Northern Ireland in limbo after Sinn Fein triumphs
Northern Ireland's feuding leaders came under pressure Sunday to unite in a new government after the Irish nationalist party Sinn Fein secured an unprecedented election win.
Once the political wing of the paramilitary IRA, Sinn Fein won enough seats in the devolved legislature to nominate its Northern Ireland leader Michelle O'Neill as first minister.
The result from Thursday's election for the Stormont assembly marked a potentially seismic shift, a century after Northern Ireland was carved out as a Protestant fiefdom under British rule.
O'Neill said the result "ushers in a new era" for the divided territory, and Sinn Fein said it wanted a referendum on reuniting Ireland within five years.
But only the UK government can grant a referendum, and Northern Ireland Secretary Brandon Lewis noted that a majority of voters overall still backed the constitutional status quo.
Ahead of convening party leaders for talks in Belfast on Monday, Lewis recognised nevertheless that Sinn Fein's triumph was a "significant moment for Northern Ireland".
"I think it is an important moment to show that everybody can work together, regardless of who is first and deputy first minister," he told BBC television.
"That's what democracy is about," Lewis added, urging the leaders to "work with each other to find a way to come back into Stormont (and) form the executive".
The Irish and US governments also urged Northern Ireland's leaders to form a new power-sharing executive, under the terms of a 1998 peace deal that ended three decades of bloodshed.
Johnson under pressure too
With all 90 Stormont seats filled from Thursday's proportional voting, Sinn Fein won 27 seats, ahead of the Democratic Unionist Party (DUP) on 25 and the cross-community Alliance party on 17.
"The people have spoken, and our job is now to turn up. I expect others to turn up also," O'Neill told reporters.
But DUP leader Jeffrey Donaldson demanded Prime Minister Boris Johnson first "deliver on his word" and scrap post-Brexit trading rules with the EU, which unionists fear are casting Northern Ireland adrift from the UK.

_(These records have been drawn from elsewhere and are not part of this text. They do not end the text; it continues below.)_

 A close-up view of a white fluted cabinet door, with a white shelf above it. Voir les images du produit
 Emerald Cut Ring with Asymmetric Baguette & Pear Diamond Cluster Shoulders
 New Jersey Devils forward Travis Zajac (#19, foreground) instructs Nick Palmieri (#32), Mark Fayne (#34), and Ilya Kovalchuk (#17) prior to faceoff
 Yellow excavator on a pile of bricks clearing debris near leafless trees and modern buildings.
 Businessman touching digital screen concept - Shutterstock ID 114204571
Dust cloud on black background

Lewis said the government still preferred to negotiate a solution with Brussels -- but reserved the right to act unilaterally to protect intra-UK trade and Northern Ireland's constitutional status.
"It's very disappointing that what we're hearing is the EU is already saying it won't show any flexibility," the minister said.

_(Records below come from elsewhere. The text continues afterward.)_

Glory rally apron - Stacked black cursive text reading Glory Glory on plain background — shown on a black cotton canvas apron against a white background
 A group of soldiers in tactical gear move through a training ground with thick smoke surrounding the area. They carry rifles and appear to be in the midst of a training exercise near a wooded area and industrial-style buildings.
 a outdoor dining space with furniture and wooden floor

While Sinn Fein will get to nominate a first minister, Northern Ireland's government can only form under the 1998 deal if the DUP agrees to take part and serve in the role of deputy first minister.
The parties will have 24 weeks to resolve their differences or face a new election.
"You could easily see everyone taking the full six months for negotiation," commented Katy Hayward, professor of political sociology at Queen's University Belfast.
She noted the DUP wants the protocol removed, Sinn Fein has longstanding demands to protect the Irish language and the Alliance wants an overhaul at Stormont to recognise the rise of the middle ground -- none of which can be easily achieved.
"But given the urgency of crises in the cost of living and healthcare, we do need an executive formed and then can think of bigger adjustments to the (1998) Good Friday Agreement when we're in a better place," Hayward told AFP.